Why Unafraid to Speak Out
IN RETROSPECT, it could be said that the clash between Jehovah’s Witnesses and Nazism, or National Socialism, was all but inevitable. Why? Because of the Nazis’ unyielding demands that conflicted with three of the Witnesses’ fundamental Bible-based beliefs. These are: (1) Jehovah God is the Supreme Sovereign. (2) True Christians are politically neutral. (3) God will resurrect those who have proved faithful to him until death.
These Bible-based beliefs determined the steadfast stand of Jehovah’s Witnesses against the Nazis’ ungodly demands. Thus, they courageously spoke out and exposed Nazism as the evil that it was.

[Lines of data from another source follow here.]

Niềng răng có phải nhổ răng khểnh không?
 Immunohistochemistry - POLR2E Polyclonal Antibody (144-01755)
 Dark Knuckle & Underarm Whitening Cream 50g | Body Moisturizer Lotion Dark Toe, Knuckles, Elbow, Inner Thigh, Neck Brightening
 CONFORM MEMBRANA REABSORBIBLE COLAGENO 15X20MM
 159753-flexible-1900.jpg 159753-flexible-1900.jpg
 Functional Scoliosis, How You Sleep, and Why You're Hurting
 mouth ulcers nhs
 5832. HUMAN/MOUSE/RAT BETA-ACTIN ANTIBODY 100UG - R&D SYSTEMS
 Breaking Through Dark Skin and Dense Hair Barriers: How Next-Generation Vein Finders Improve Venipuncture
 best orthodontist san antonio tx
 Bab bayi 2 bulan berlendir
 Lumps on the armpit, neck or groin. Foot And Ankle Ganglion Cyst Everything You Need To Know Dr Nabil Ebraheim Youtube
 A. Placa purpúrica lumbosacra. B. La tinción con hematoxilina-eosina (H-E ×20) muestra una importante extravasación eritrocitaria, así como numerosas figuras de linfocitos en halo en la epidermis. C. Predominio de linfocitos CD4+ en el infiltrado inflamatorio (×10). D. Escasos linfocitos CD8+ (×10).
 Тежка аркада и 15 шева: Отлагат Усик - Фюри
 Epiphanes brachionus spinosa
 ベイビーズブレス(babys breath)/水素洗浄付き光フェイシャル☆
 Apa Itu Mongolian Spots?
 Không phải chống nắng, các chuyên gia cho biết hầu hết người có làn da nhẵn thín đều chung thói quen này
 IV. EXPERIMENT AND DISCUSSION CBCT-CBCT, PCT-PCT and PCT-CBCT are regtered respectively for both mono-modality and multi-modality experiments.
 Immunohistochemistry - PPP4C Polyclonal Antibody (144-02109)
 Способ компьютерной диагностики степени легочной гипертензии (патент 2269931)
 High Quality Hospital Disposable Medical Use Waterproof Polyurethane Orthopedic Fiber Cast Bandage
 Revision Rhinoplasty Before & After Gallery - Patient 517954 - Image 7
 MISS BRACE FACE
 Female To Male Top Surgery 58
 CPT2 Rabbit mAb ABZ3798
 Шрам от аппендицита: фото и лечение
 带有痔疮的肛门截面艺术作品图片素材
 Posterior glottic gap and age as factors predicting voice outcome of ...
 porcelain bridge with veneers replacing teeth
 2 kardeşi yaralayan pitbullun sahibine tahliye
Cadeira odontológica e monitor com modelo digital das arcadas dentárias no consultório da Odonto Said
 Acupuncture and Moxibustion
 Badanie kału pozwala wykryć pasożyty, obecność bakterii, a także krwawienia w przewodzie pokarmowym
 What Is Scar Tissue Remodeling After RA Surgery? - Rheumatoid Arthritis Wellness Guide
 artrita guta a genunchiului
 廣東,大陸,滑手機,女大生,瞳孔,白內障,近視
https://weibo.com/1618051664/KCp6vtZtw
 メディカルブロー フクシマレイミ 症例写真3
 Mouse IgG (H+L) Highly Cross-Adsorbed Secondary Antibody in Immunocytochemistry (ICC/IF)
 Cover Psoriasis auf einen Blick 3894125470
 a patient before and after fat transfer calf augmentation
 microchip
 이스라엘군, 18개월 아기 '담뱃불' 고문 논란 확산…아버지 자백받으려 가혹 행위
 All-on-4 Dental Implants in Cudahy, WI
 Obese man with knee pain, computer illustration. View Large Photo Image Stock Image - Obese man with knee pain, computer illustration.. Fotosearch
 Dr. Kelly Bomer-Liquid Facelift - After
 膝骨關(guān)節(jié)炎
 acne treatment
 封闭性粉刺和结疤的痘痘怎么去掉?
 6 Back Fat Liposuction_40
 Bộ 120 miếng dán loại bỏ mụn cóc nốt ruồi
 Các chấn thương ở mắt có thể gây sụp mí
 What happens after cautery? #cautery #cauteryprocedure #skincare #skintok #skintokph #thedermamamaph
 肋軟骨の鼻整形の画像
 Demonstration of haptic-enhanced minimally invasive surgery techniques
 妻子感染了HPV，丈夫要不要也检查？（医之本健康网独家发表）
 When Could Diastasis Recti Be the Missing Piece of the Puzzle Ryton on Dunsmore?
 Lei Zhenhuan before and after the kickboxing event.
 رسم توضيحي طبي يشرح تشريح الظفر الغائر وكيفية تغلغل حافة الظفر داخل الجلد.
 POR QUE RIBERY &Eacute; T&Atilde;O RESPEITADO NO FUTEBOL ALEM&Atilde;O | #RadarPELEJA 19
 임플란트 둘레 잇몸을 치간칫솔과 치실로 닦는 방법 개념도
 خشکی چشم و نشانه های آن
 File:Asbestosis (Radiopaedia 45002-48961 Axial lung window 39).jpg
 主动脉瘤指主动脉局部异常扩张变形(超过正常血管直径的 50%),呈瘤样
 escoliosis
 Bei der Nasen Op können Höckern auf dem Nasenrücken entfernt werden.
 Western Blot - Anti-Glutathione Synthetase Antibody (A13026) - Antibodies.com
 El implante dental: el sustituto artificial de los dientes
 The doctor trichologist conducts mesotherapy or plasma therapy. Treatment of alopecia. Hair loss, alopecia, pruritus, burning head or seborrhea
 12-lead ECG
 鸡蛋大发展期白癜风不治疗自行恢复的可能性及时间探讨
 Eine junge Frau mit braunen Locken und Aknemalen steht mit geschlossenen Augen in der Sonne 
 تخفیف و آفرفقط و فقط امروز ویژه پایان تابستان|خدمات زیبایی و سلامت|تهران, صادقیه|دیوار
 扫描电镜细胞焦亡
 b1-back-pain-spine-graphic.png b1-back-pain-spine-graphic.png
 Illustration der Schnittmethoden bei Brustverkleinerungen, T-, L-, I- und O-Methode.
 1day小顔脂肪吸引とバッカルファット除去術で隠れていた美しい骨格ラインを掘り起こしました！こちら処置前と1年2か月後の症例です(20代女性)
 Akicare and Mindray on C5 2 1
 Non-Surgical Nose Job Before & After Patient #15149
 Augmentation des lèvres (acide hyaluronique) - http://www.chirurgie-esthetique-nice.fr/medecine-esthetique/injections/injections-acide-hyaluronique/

Jehovah’s Witnesses refused to heil Hitler. They refused because they attribute their salvation to God and have dedicated their lives to him alone. The Bible says of Jehovah: “You alone are the Most High over all the earth.”—Psalm 83:18.
Actually, “Heil Hitler” implied that salvation was by Hitler. So the Witnesses could not be faithful to God and at the same time heil any human. Their lives as well as their loyalty and allegiance belonged to God.
Jehovah’s Witnesses had clear precedents for refusing to obey Hitler’s wrongful demands. For example, when Jesus’ first-century apostles were ordered to cease declaring the good news about Christ, they refused. They said: “We must obey God as ruler rather than men.” The Bible says that for their determined stand, the authorities “flogged them, and ordered them to stop speaking upon the basis of Jesus’ name.” Yet, the apostles refused to obey that God-defying order. “They continued without letup teaching and declaring the good news.”—Acts 5:29, 40-42.
Many early Christians died because they obeyed God rather than men. Scores perished in Roman arenas because they refused, in effect, to heil Caesar by rendering an act of worship to him. But to such persons it was an honor and a victory to prove faithful to God even to death, similar to a valiant soldier’s being willing to die in behalf of his country.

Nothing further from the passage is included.